Par un mémoire en défense, enregistré le 22 février 2023, le ministre des armées conclut au rejet de la requête.
Il fait valoir que :
- à titre principal ; la prescription quadriennale doit être opposée à la créance de M. A ;
- à titre subsidiaire, le préjudice d'anxiété de M. A n'est pas établi.
Vu la demande de régularisation adressée le 16 février 2023.
Vu les autres pièces du dossier.
Vu :
- le code du travail ;
- le code de sécurité sociale ;
- la loi n° 68-1250 du 31 décembre 1968 ;
- le décret n° 77-949 du 17 août 1977 modifié ;
- le code de justice administrative.
Les parties ont été régulièrement averties du jour de l'audience.
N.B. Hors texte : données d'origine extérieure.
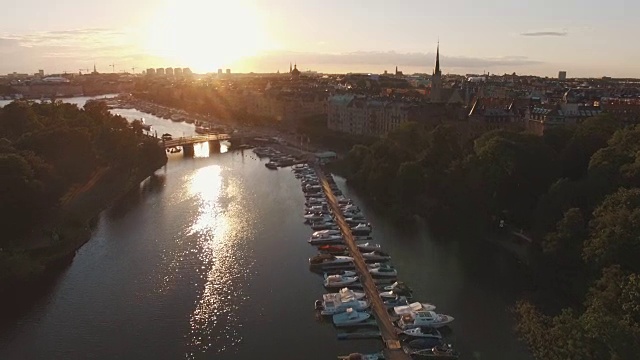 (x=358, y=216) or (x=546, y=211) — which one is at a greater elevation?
(x=546, y=211)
Ont été entendus au cours de l'audience publique :
- le rapport de M. C ;
- et les conclusions de M. Met, rapporteur public.
Considérant ce qui suit :
1. M. A, ancien ouvrier d'Etat, estime l'Etat, en sa qualité d'employeur, responsable d'une carence fautive, faute d'avoir mis en œuvre une protection efficace contre son exposition à l'inhalation de poussières d'amiante durant sa carrière. Il a sollicité son administration, par un courrier du 3 juin 2019, la réparation de son préjudice moral (anxiété). Par une décision du
18 décembre 2020, le service du commissariat des armées a rejeté sa demande indemnitaire.
En conséquence, M. A a saisi le tribunal afin que soit prononcée la condamnation de l'Etat à l'indemniser de son préjudice.
Sur l'exception de prescription quadriennale :
2. Aux termes de l'article 1er de la loi susvisée du 31 décembre 1968 relative à la prescription des créances sur l'État, les départements, les communes et les établissements publics : " Sont prescrites, au profit de l'État, des départements et des communes, sans préjudice des déchéances particulières édictées par la loi et sous réserve des dispositions de la présente loi, toutes créances qui n'ont pas été payées dans un délai de quatre ans à partir du premier jour de l'année suivant celle au cours de laquelle les droits ont été acquis. / Sont prescrites, dans le même délai et sous la même réserve, les créances sur les établissements publics dotés d'un comptable public ". Aux termes de l'article 2 de la même loi : " La prescription est interrompue par : () Tout recours formé devant une juridiction relatif au fait générateur, à l'existence, au montant ou au paiement de la créance, quel que soit l'auteur du recours et même si la juridiction saisie est incompétente pour en connaître et si l'administration qui aura finalement la charge du règlement n'est pas partie à l'instance ()/ Un nouveau délai de quatre ans court à compter du premier jour de l'année suivant celle au cours de laquelle a eu lieu l'interruption. Toutefois, si l'interruption résulte d'un recours juridictionnel, le nouveau délai court à partir du premier jour de l'année suivant celle au cours de laquelle la décision est passée en force de chose jugée ".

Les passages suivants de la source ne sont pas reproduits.